>>

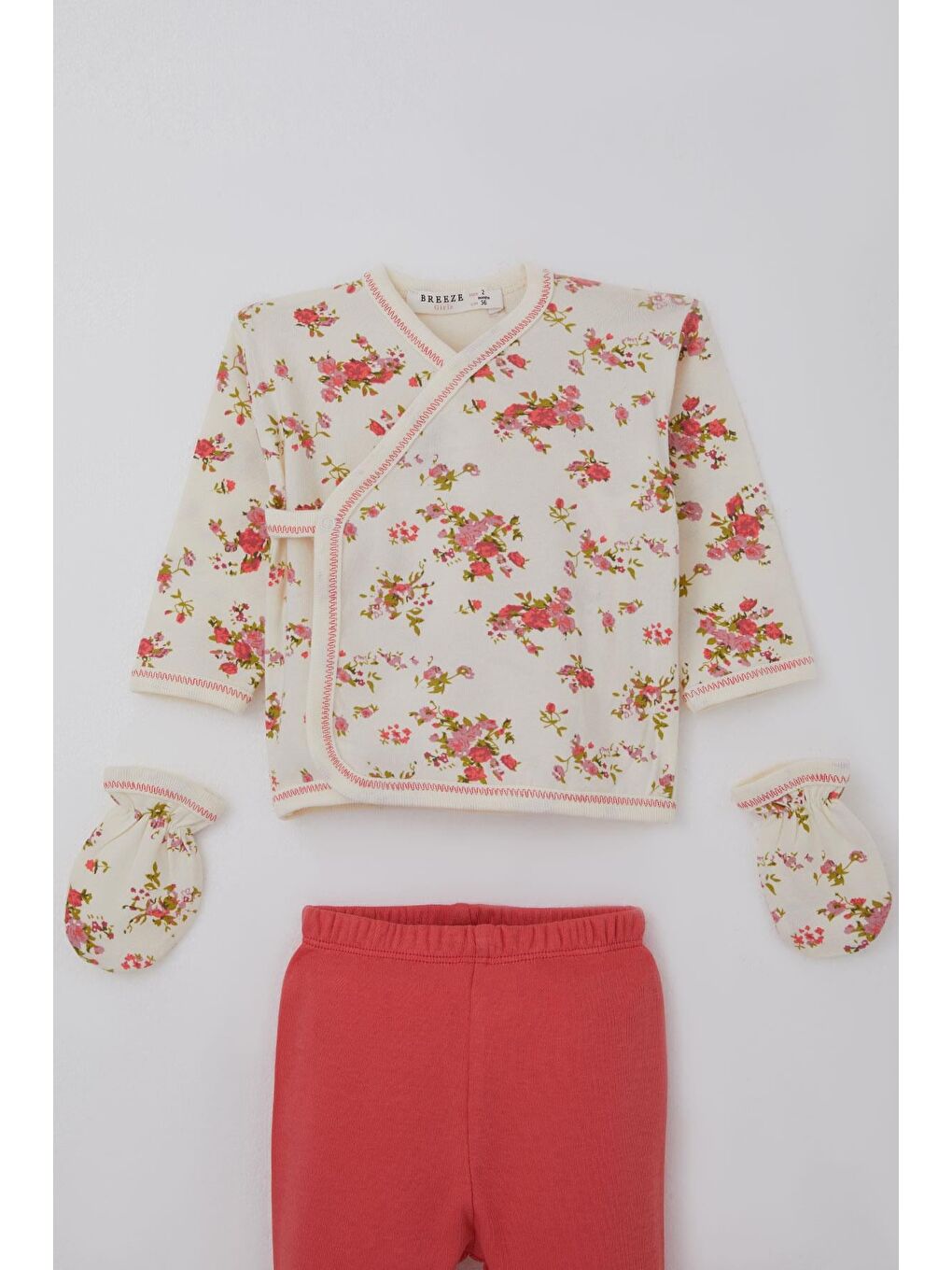 Ekru Kız Bebek Hastane Çıkışı 5 Li Bahar Esintisi Gül Desenli Krem (0-3 Ay)-2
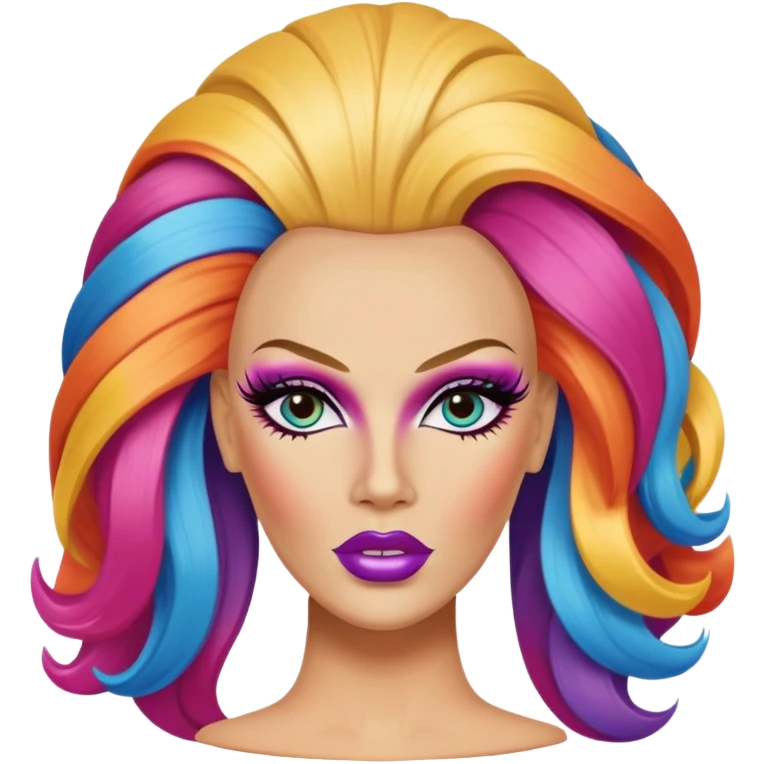 mannequin head with a drag queen’s hair emoji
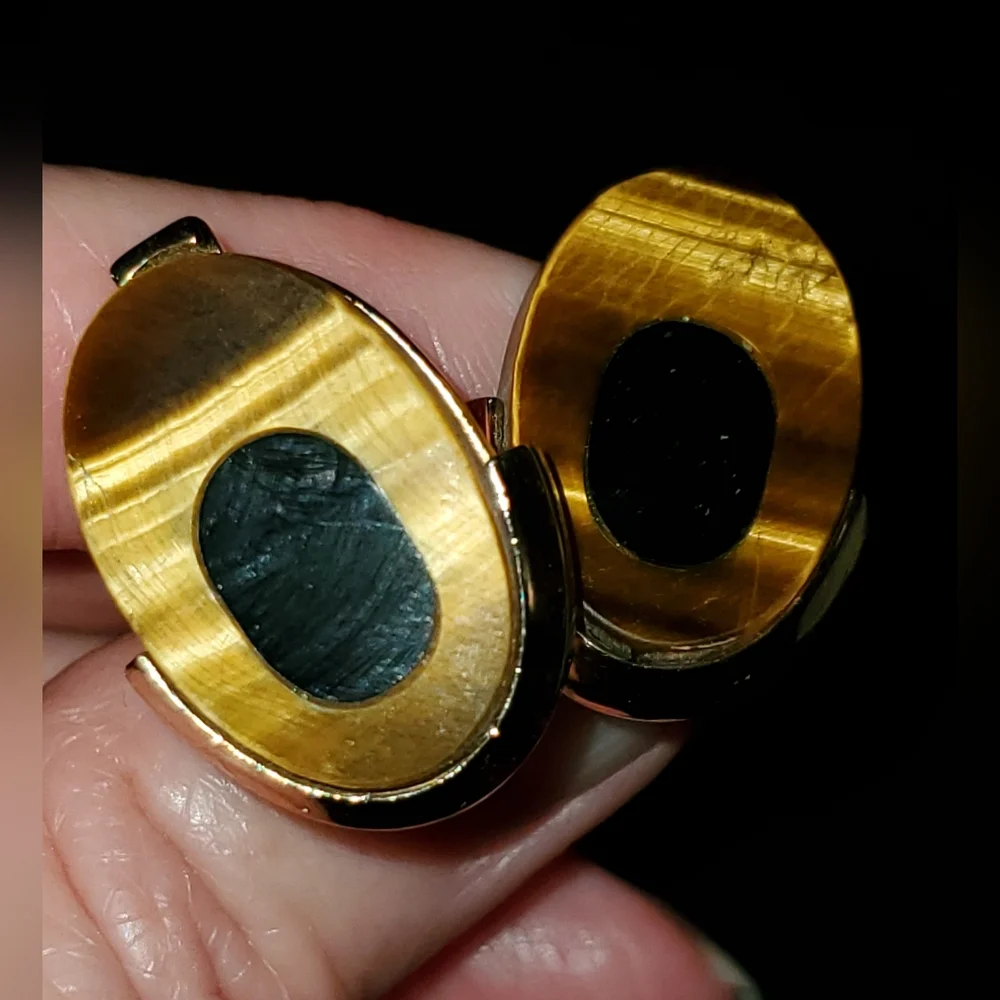 Swank Vintage Tigers Eye Black Onyx Cufflinks 1950's 1960's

<<

**Work instruction**
Pictures are not part of the copy. Please reproduce the material word for word.

**Response below**
 Ekru Kız Bebek Hastane Çıkışı 5 Li Bahar Esintisi Gül Desenli Krem (0-3 Ay)-2
 mannequin head with a drag queen’s hair emoji
 Swank Vintage Tigers Eye Black Onyx Cufflinks 1950's 1960's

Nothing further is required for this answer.